Though the last deadline for the Masters in Finance (MiF) programme has now passed, we are still accepting a small number of late applications from strong candidates. If you’re considering still applying, you can read more about the process of submitting a late application here.
We got in touch with our fantastic Masters in Finance Part-time students Carrie Cheung and Ben Coombs to get their advice on submitting a strong late application, and hear about their MiF experience so far.
Tell us about you, your background, professional experience, and interests.
“I grew up in Hong Kong and moved to Canada when I was thirteen. I completed an undergraduate degree in the ‘French part’ of Canada with a major in accounting. I started my career as a public accountant and relocated to the UK four years ago on an international secondment. I fell in love with London, and never looked back! Outside of work and the MiF Part-time, I am a big adventure seeker, and you can always find me hopping onto my next flight.”

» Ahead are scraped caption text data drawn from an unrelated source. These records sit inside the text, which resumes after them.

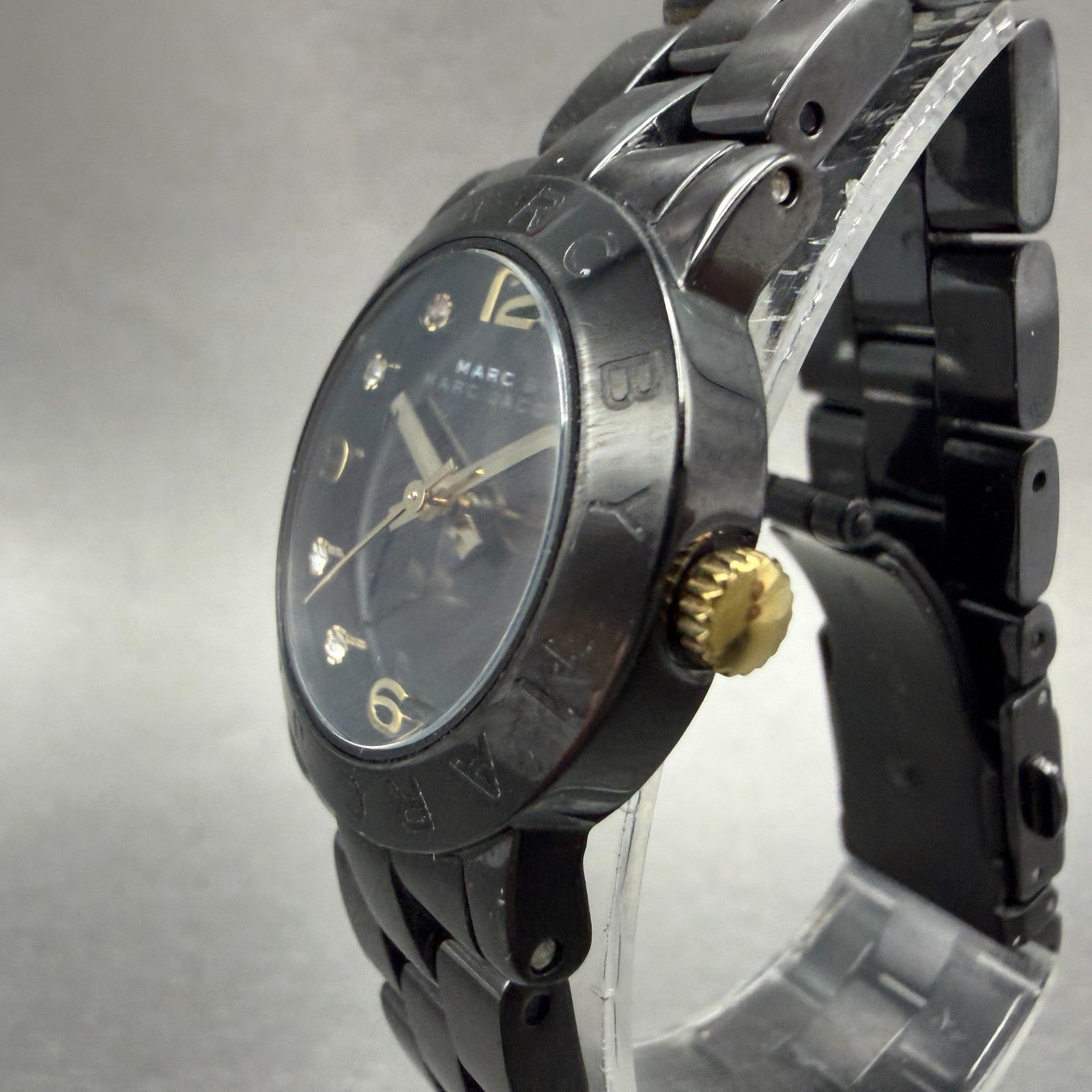 Marc By Marc Jacobs Amy Watch Women 26mm Black Dial Black Tone MBM8593 New Batt2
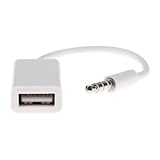 DOITOOL USB Zu Audiokabel USB-Kabel Audio -Jack Auto-mp3-konverter Auto USB Konverter Weiblicher Konverter 3,5-mm-autokonverter Weiß
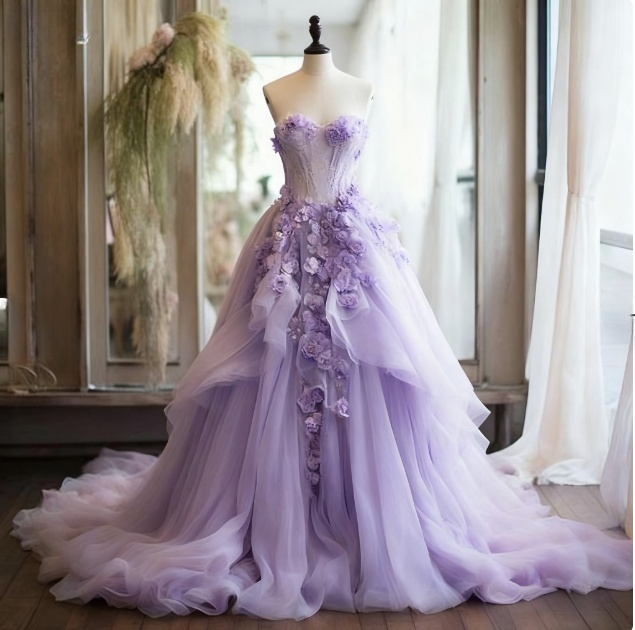 Pink Vintage A-line Sweetheart Lace Tulle Long Evening Gown Applique Wedding Dress  ED01364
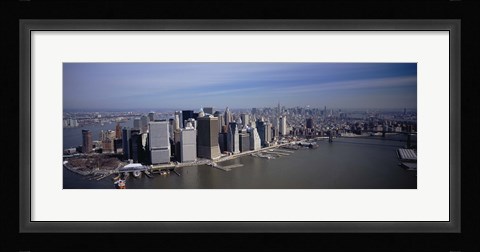Framed High Angle View Of Skyscrapers In A City, Manhattan, NYC, New York City, New York State, USA Print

“I am British-American and grew up in London before doing my undergraduate degree in the US. I started my career as a Management Consultant at Oliver Wyman, but soon after starting the MiF, transitioned to working as an independent consultant for tech start-ups. Starting in October I will be complementing the MiF with a full time MSc in Computer Science at Imperial, after which I’ll be looking for a position in a seed-stage Climate Tech firm in strategy, product, or operations.”
Why did you decide to apply to the MiF Part-time programme?
“My career as a chartered accountant has allowed me to establish a foundation of financial knowledge and transferrable skills, which has been largely accounting focused. I was looking to develop a deeper understanding of the more specialised and technical aspects of finance. I also wanted to use this as an opportunity to expand my professional network.”
“At the time I was considering both MBA and MiF programmes. After a few years of consulting, I felt that the technical knowledge and skills of a MiF would be more complementary to my experience than an MBA. I knew that I didn’t want to work directly in financial services, but finance expertise is at a deficit and therefore highly valued in many other industries, particularly in start-up tech. The mix of consulting and finance allows me to bring ‘the whole package’ to new professional opportunities.
While learning these skills, I also wanted to dedicate most of my time to professionally engaging in the climate tech world to build the content expertise and specific network needed for a long-term career. The MiF Part-time meant I didn’t have to choose, I can develop the technical skills I want, while having the flexibility to work and dedicate time to non-finance learning & networking.”
What advice would you give to prospective MiF students considering submitting a late application?
“Don’t panic, it is not too late! Take time to reflect on your career to date and what you want out of the programme. I also encourage you to speak to as many MiF Alumni and Students as possible to gain their perspectives and their personal motivations – this helped me immensely in setting my own objectives for my application. Lastly, make sure you devote sufficient time to review and refine your application.”
“Make the decision to apply quickly, but don’t do it casually. Start having conversations with your manager or employer before hearing back from the Admissions Team, because once you hear back the ball starts rolling extremely quickly. Try to also speak to current or former students to fully understand the challenges and benefits of the course before signing up. The course will be impacting your life for 2 years, so make sure you fully think through and discuss the time commitments – not just Saturdays, but also full weeks off work for orientation and certain electives. Include questions like: are you thinking of changing job or getting promoted in the next year? Getting married or having a kid? Relocating to a different city or country? This is not a course for falling into accidentally, so when you get to applying, clearly identify your reasons for applying and the balance you expect to have. How does the MiF fit into your 2-5 year plan? That’s the key question to answer in a clear, structured, and rigorous way, both for yourself and the Admissions Team.”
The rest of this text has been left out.